*** Opening of DATASET RECORDS ***

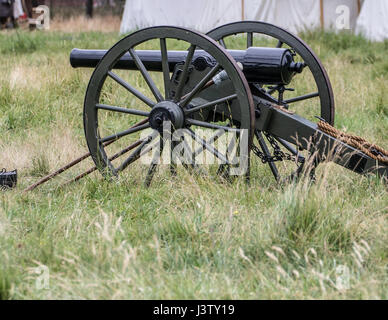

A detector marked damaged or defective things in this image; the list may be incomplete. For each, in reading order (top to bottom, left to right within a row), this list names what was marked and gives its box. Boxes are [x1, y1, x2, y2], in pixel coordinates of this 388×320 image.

rusty metal rod [23, 118, 149, 191]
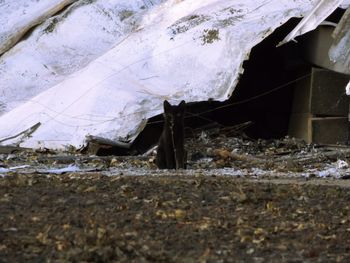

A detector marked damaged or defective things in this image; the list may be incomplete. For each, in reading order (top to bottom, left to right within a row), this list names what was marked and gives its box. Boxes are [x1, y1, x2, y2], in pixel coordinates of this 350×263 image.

damaged roof [0, 0, 348, 151]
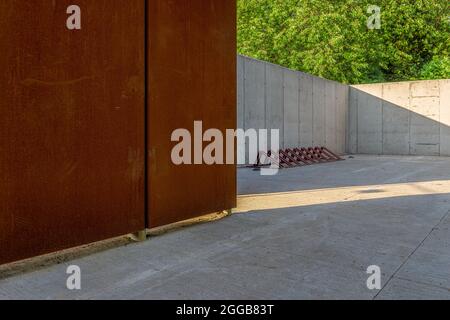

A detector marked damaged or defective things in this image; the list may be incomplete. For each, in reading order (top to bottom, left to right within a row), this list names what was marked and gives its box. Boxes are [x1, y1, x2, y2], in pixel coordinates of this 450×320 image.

rust stained metal surface [0, 0, 144, 264]
rusted steel wall [0, 0, 144, 264]
rust stained metal surface [149, 1, 239, 229]
rusted steel wall [149, 1, 239, 229]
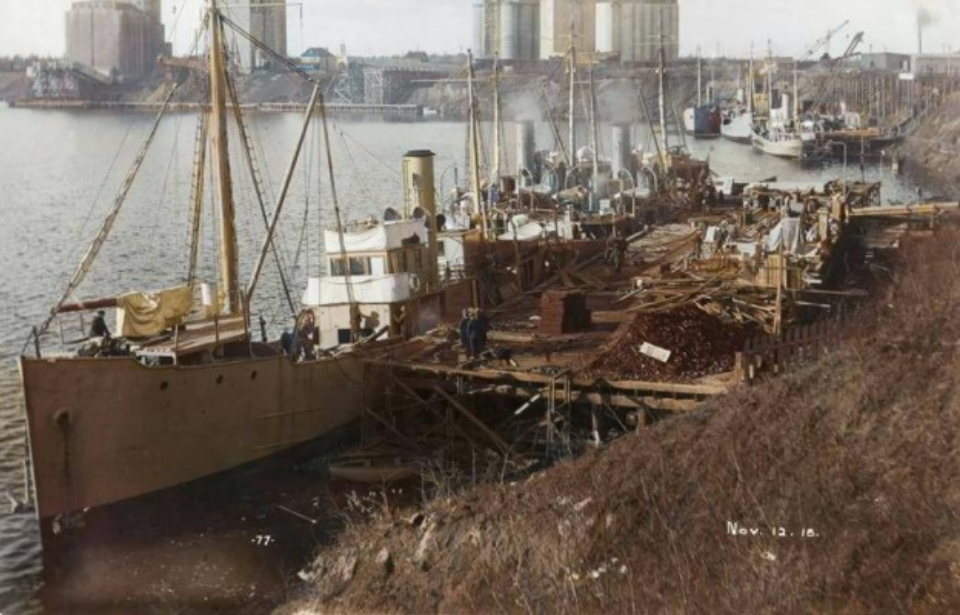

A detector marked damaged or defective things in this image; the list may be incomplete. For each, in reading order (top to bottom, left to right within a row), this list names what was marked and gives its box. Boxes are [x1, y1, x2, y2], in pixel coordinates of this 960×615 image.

brown rusted hull [19, 354, 372, 524]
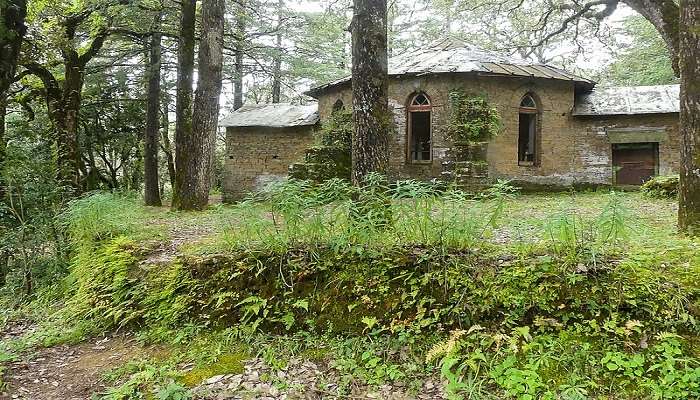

*** Close of DATASET RECORDS ***

** WHAT YOU HAVE TO DO **
Your response should consist solely of the lines from the line with "this 960×615 image." through the last line of the entries above, printed exactly and without pictures.

** EXPECTED ANSWER **
A detector marked damaged or defective things in this image; the list may be incomplete. For each, in reading order (top to bottom, left to right within a row), this list names what was marked and gives its box. Boxes are [x1, y1, x2, y2], in pixel coordinates of this 960×615 image.

brown rusted hull [19, 354, 372, 524]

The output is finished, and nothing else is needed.